ひとりひとりのメンバーがモチベーションを高めて仕事をするためには、リーダーがおこなうコミュニケーションが重要です。コミュニケーションの基本は挨拶です。トヨタでも特に挨拶には重きを置いており、リーダーからメンバーに対して積極的に挨拶をしています。
リーダーが積極的に挨拶や声かけをすれば、職場が話しやすい雰囲気になり、リーダーに業務に関する報告や悩みの相談がしやすくなるメリットもあります。
本記事では、リーダーから挨拶をする重要性をはじめ、継続的な声かけをするメリットも紹介します。働きやすい環境づくりを目指している方はぜひご覧ください。

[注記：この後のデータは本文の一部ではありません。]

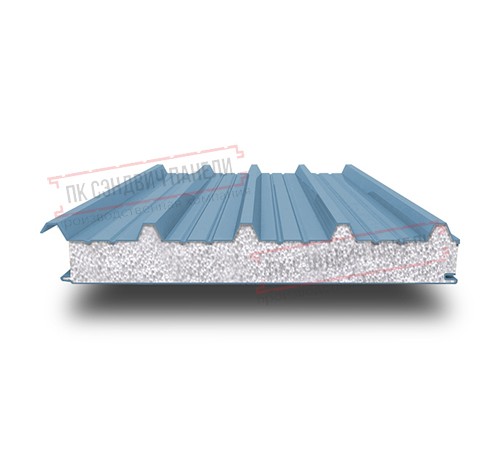 Сэндвич панели кровельные с пенополистиролом, ширина 1000 мм, толщина 180 мм, 0.5/0.5, RAL5024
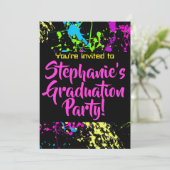 80s 90s Moderne Verf Splatter Afstudeerfeest Kaart (Staand voorkant)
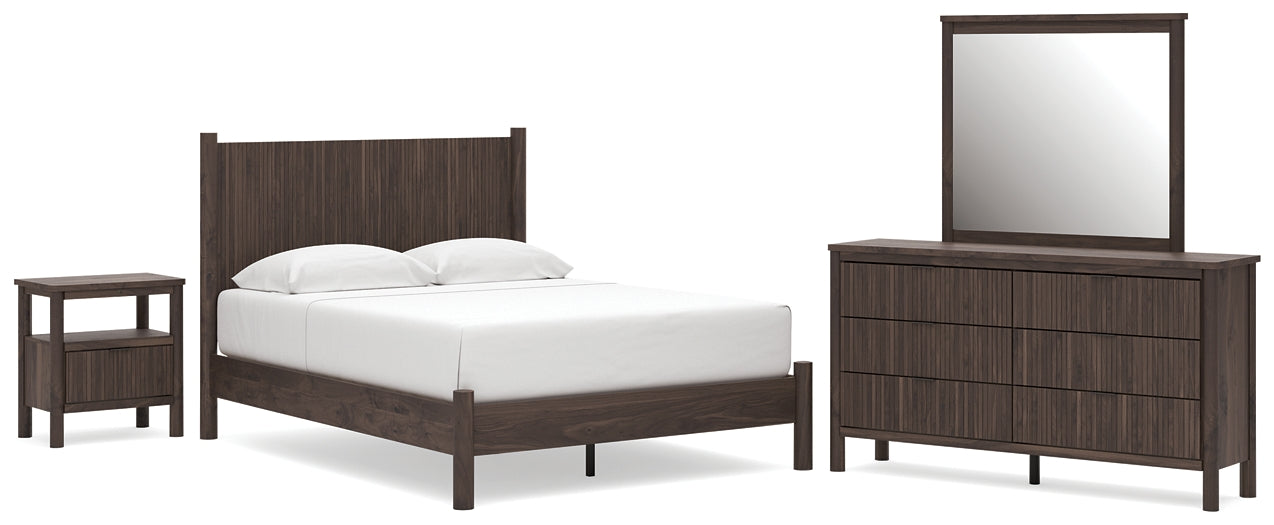 Pamytta Queen Panel Platform Bed, Dresser, Mirror and Nightstand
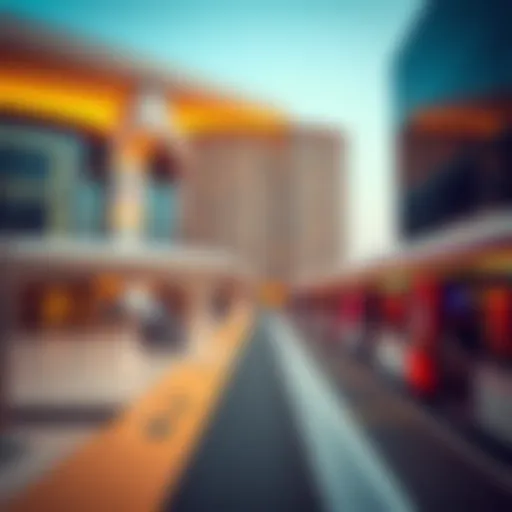 A panoramic view of Dubai's metro station showcasing modern architecture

トヨタでは、メンバー全員が気持ちよく仕事ができるよう、コミュニケーションとチームワークを大切にしています。コミュニケーションがまともにとれない状態では、リーダーはメンバーのレベルや特性を踏まえた役割を与えたり、指導をすることができません。また、チームワークがなければメンバー同士が補いながら一丸で成果をだすことが難しくなります。この2つは、仕事をするうえで前提となるものです。

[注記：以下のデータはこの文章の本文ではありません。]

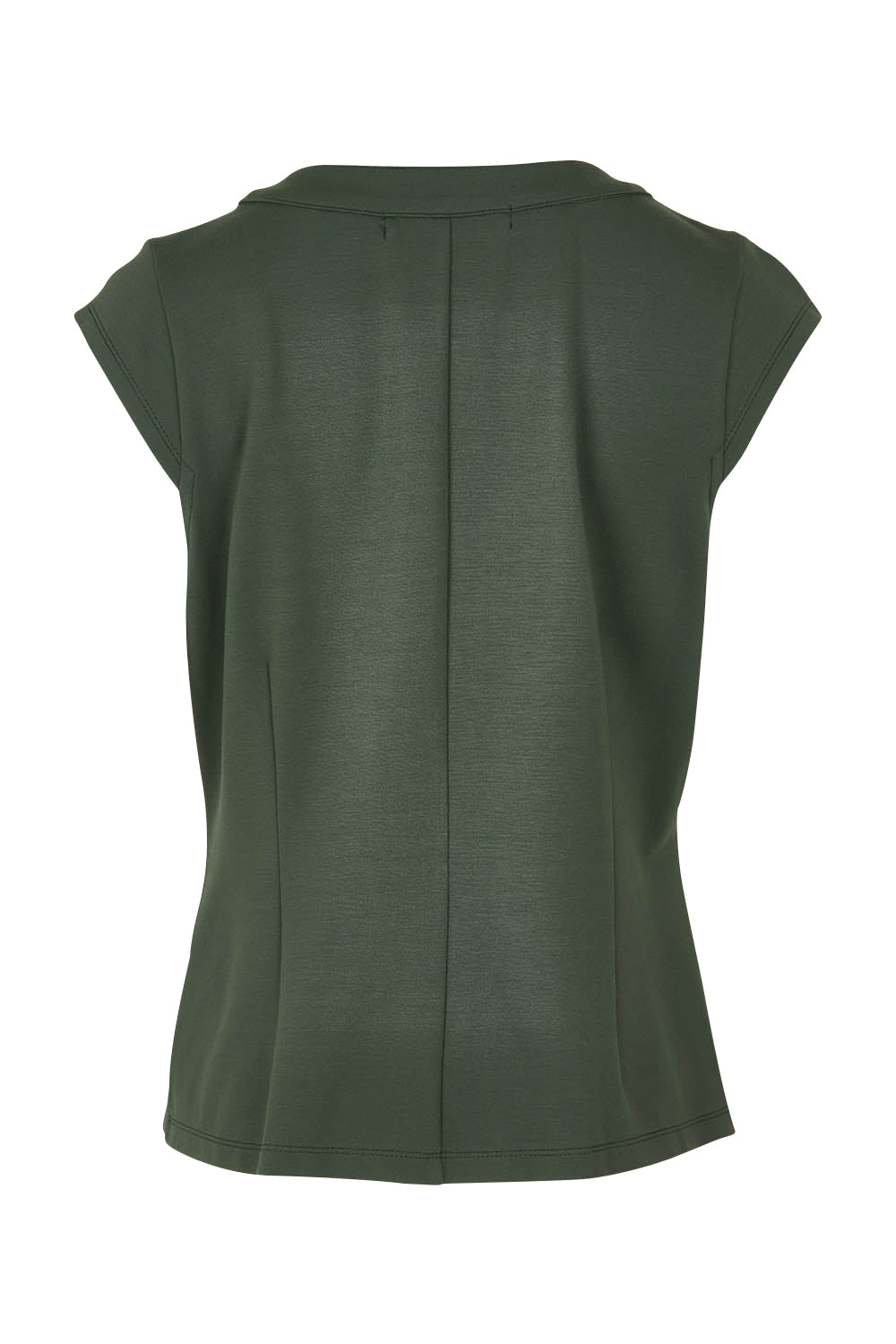 Product shot of The Ponte Button Through Top in colour Forrest (Green), from the back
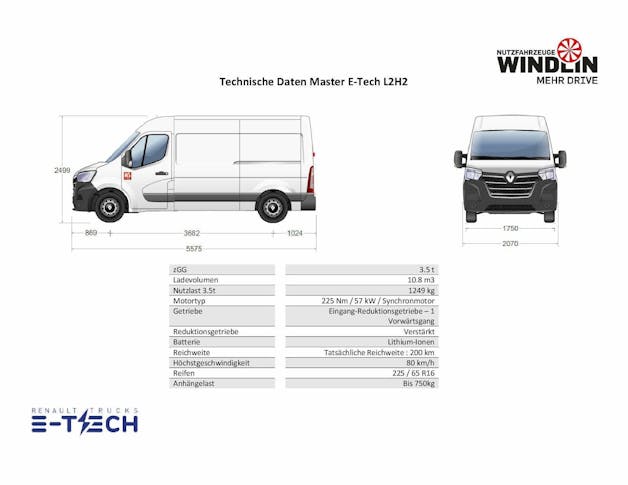 Renault Master E-Tech 3.5t EV 52kWh L2H2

トヨタでは、5~8人のメンバーをまとめる班長を経て、課長に昇進すれば約300人の部下をまとめることになりますが、班長と課長のどちらのポジションでも挨拶と声かけは欠かせません。自分の部下と気軽に言葉を交わせない関係ではお互いの考えが伝わらず、日々の問題解決や目標達成に対するメンバーからの協力は得られないでしょう。

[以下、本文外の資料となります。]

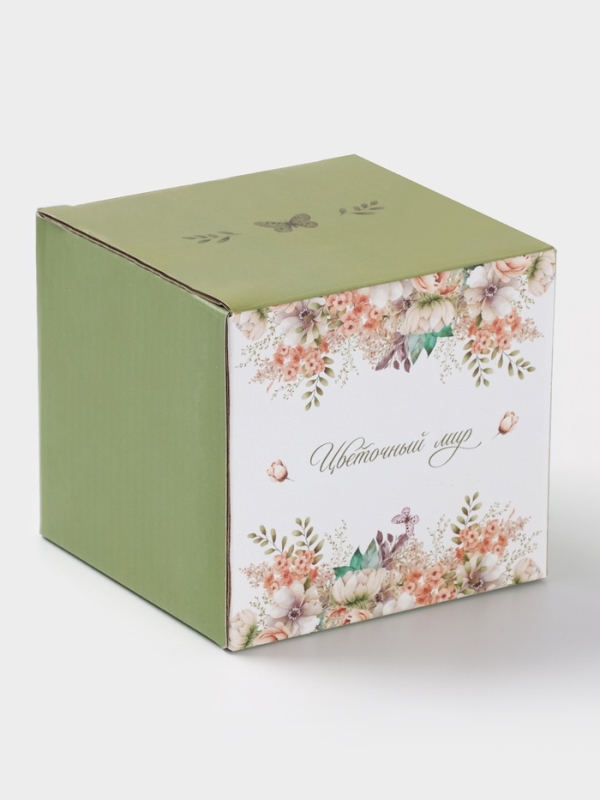 Сахарница с ложкой Доляна "Цветы" цвет белый  10х9 см 300 мл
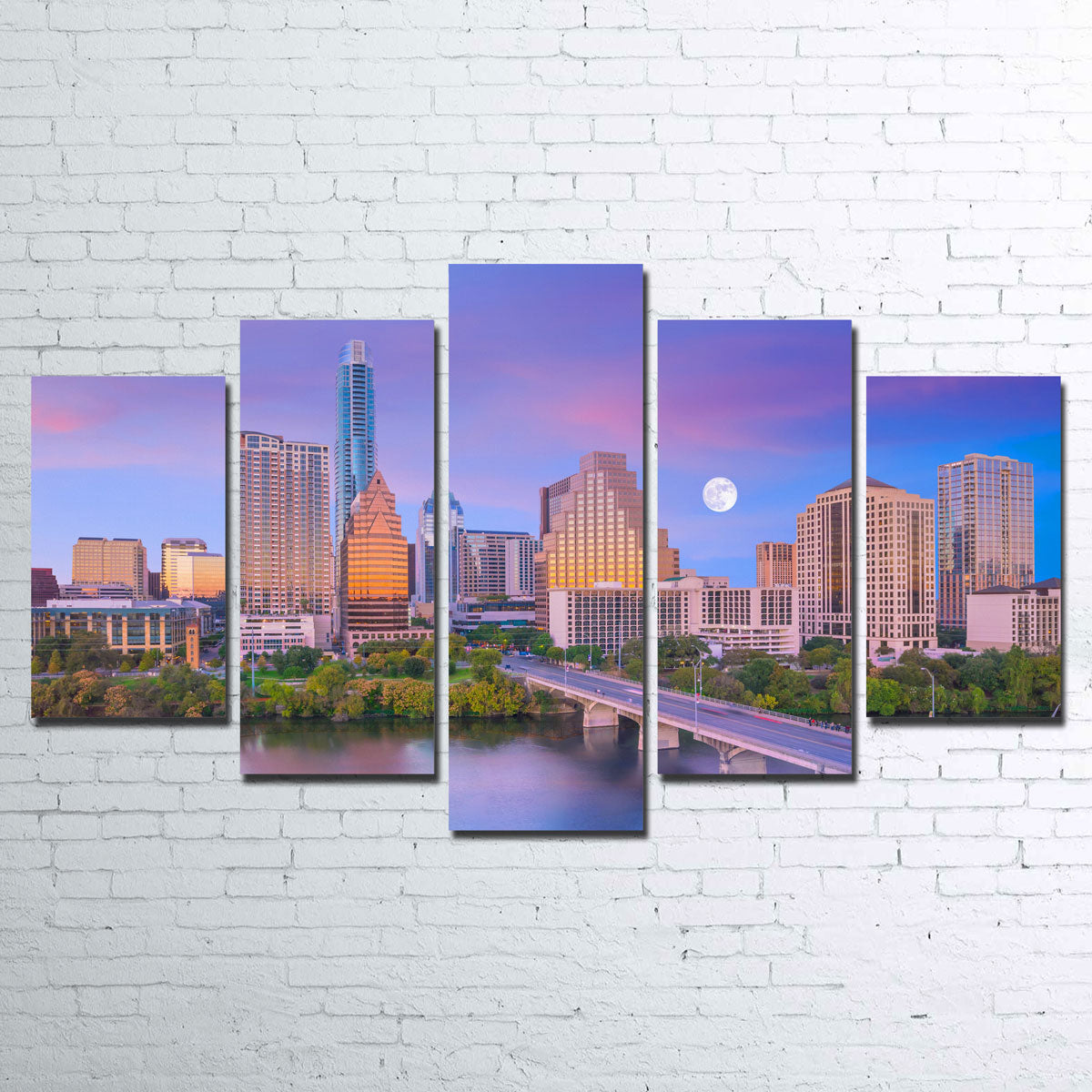 Moon Over Austin Canvas Set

リーダーから挨拶をするだけで、職場は変わります。挨拶や声かけは会話をするためのきっかけになるため、良好なコミュニケーション構築の糸口になります。
挨拶はリーダーが自分から率先してやることが重要です。あるトレーナーはトヨタの課長時代に、部下から先に挨拶をされたときは、あえて声の大きさを倍にして返したそうです。すると、メンバーは大笑いしてその場の雰囲気が一気に和んだと言います。
お互いに話しやすい環境をつくるには、たかが挨拶、と考えるのは間違いです。
挨拶や声かけは、単に職場の雰囲気をよくするためだけにおこなうのではなく、メンバーの変化を察知する機会にもなります。あるトレーナーはトヨタの工長だった時代に、20人ほどのメンバーに対して1日に何度か声をかけるようにしていたそうです。すると、短い返答だけで順調か不調かがわかるようになり、トラブルが起こる前に対策ができるようになりました。
現代ではリモートワークを導入する企業も増えてきていますが、オンラインのコミュニケーションは対面に比べて難しい傾向があります。仕事をするうえで、孤独を感じるメンバーや精神的に疲弊するメンバーもいるかもしれません。職場で接する機会が減っている今こそ、リーダーは普段から挨拶と声かけを積極的におこなって、メンバーの変化を察知する機会をつくり出していくことが大切です。
トヨタではコミュニケーションとチームワークこそ、よい仕事をするうえで欠かせないものだと考えています。
また、メンバーひとりひとりに対して頻繁に挨拶や声かけをすれば、メンバーが感じていることや変化を早く察知でき、トラブルが起こる前に対策できるでしょう。働きやすい職場づくりを目指している方は、まずは積極的な挨拶と声かけを実践してみてください。